§ **MATERIAL FOR THIS EXERCISE**
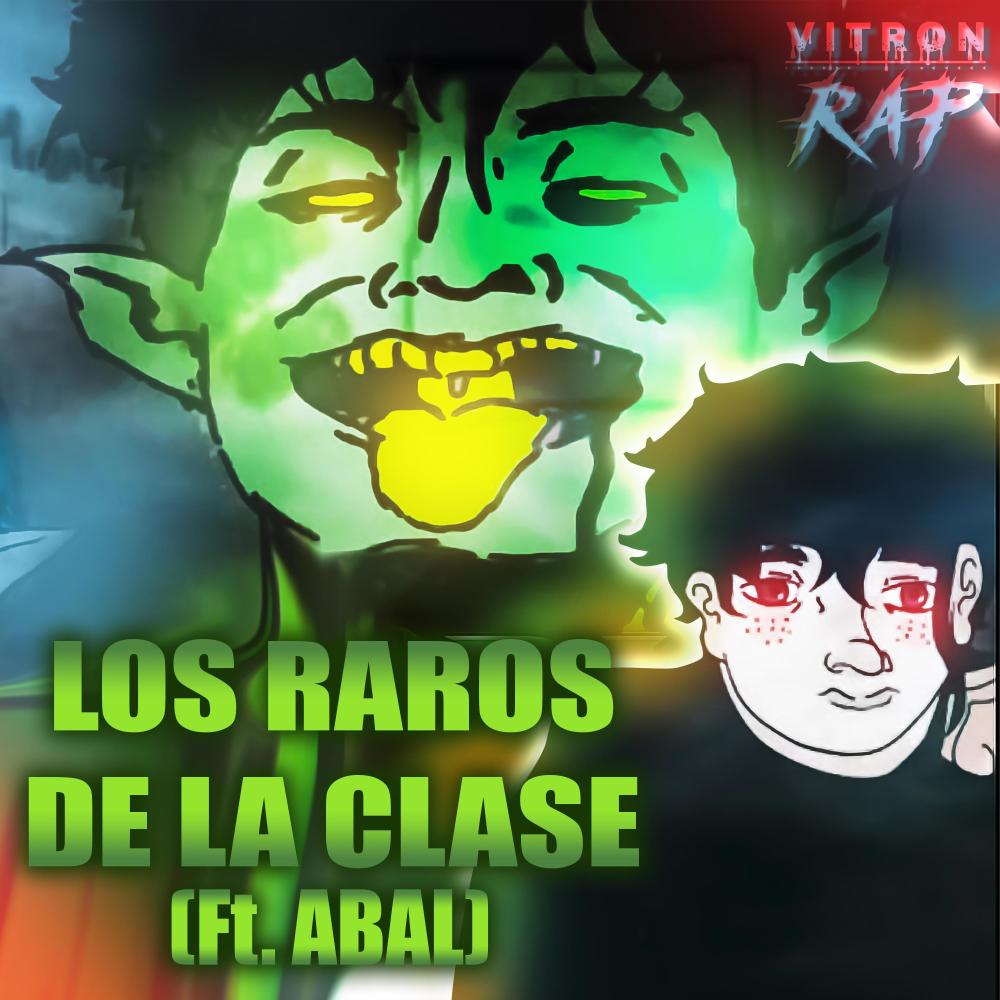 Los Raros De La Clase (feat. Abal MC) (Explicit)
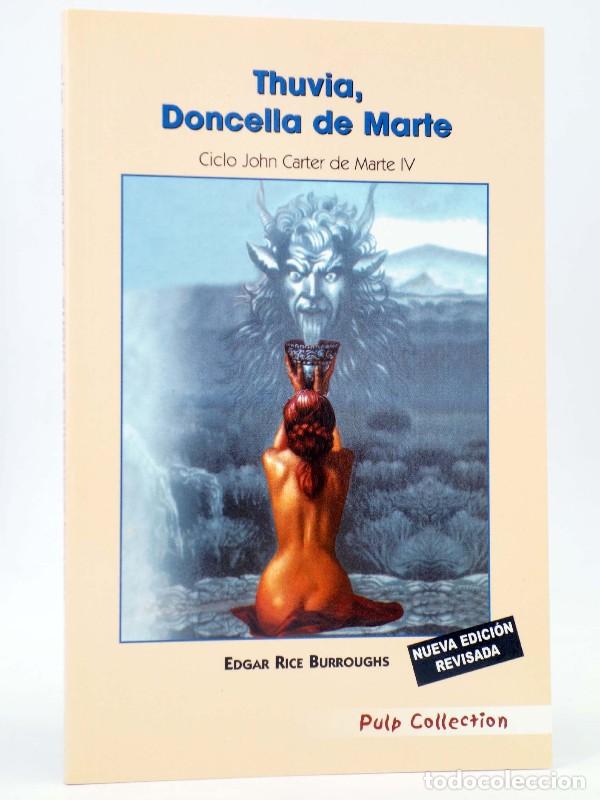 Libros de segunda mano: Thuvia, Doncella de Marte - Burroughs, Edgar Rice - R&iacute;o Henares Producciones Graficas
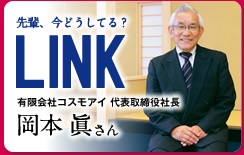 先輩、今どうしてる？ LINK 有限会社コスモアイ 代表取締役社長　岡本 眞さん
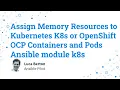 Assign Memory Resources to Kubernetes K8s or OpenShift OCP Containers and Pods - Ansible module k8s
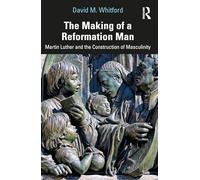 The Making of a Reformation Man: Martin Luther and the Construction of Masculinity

§ **TASK**
Could you copy the lines above exactly and skip the images?

§ **FINISHED EXERCISE**
 Los Raros De La Clase (feat. Abal MC) (Explicit)
 Libros de segunda mano: Thuvia, Doncella de Marte - Burroughs, Edgar Rice - R&iacute;o Henares Producciones Graficas
 先輩、今どうしてる？ LINK 有限会社コスモアイ 代表取締役社長　岡本 眞さん
 Assign Memory Resources to Kubernetes K8s or OpenShift OCP Containers and Pods - Ansible module k8s
 The Making of a Reformation Man: Martin Luther and the Construction of Masculinity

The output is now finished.